* **Extracted information**:
--- --- ---
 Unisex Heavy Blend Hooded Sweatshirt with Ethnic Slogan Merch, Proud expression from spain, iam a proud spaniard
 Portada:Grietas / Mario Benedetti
--- --- ---
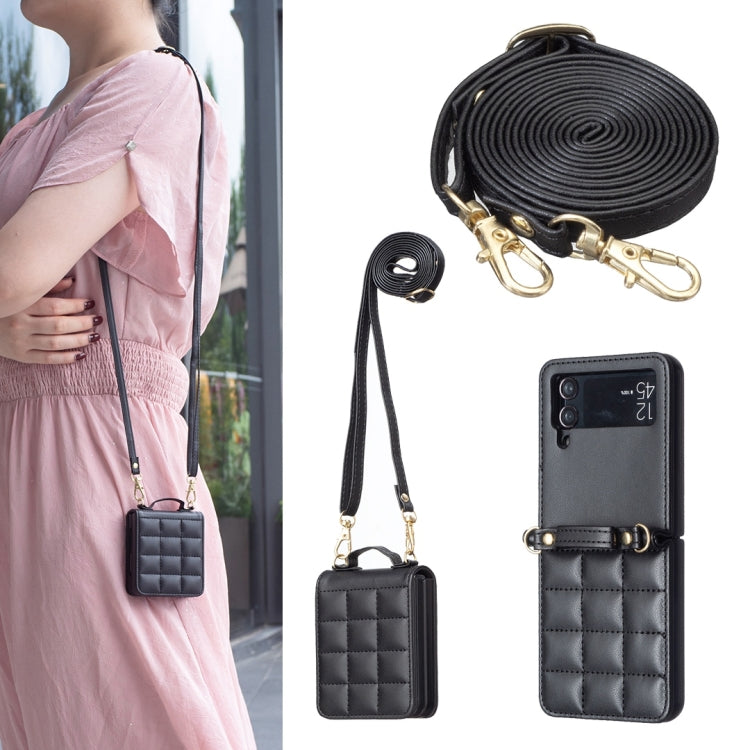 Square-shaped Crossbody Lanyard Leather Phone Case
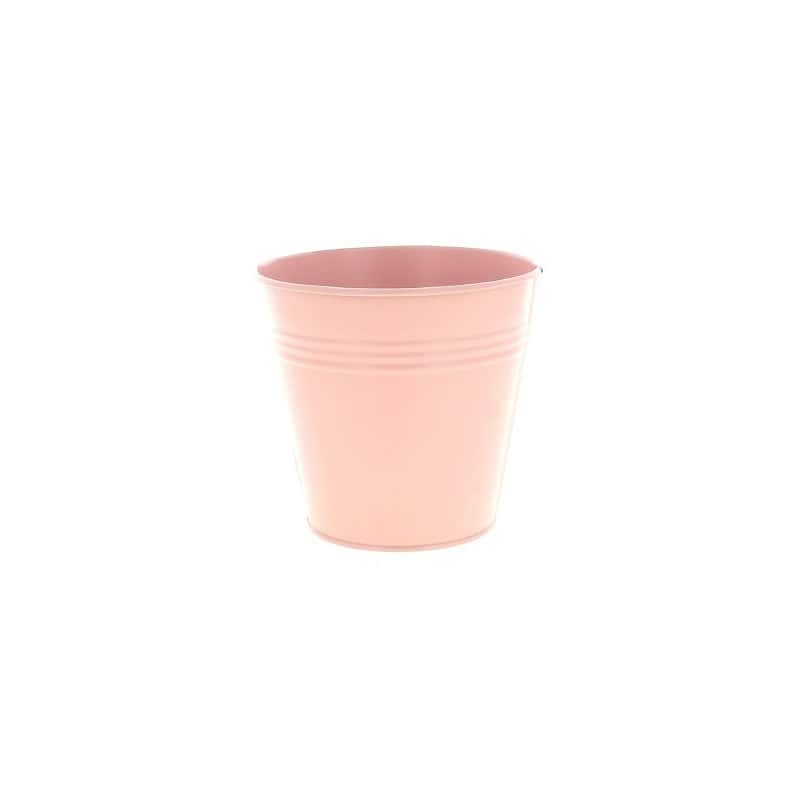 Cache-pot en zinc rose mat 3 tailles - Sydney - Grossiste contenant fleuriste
--- --- ---
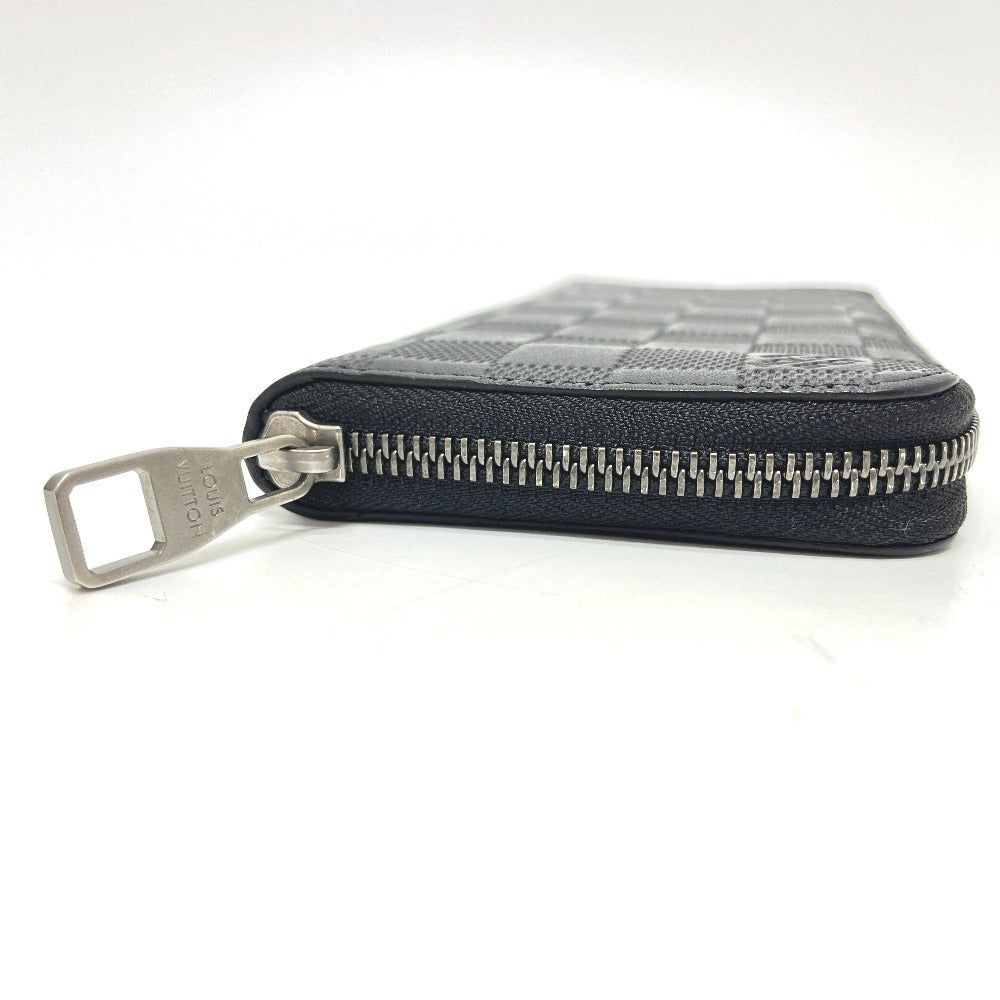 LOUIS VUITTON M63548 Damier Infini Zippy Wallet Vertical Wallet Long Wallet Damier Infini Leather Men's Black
--- --- ---
* **Assigned task**:
Extract the lines of the preceding material that run from the line with "Unisex Heavy Blend" through the line with "Portada:Grietas / Mario Benedetti", inclusive, reproducing them exactly and adding nothing.

* **Solution to this exercise**:
 Unisex Heavy Blend Hooded Sweatshirt with Ethnic Slogan Merch, Proud expression from spain, iam a proud spaniard
 Portada:Grietas / Mario Benedetti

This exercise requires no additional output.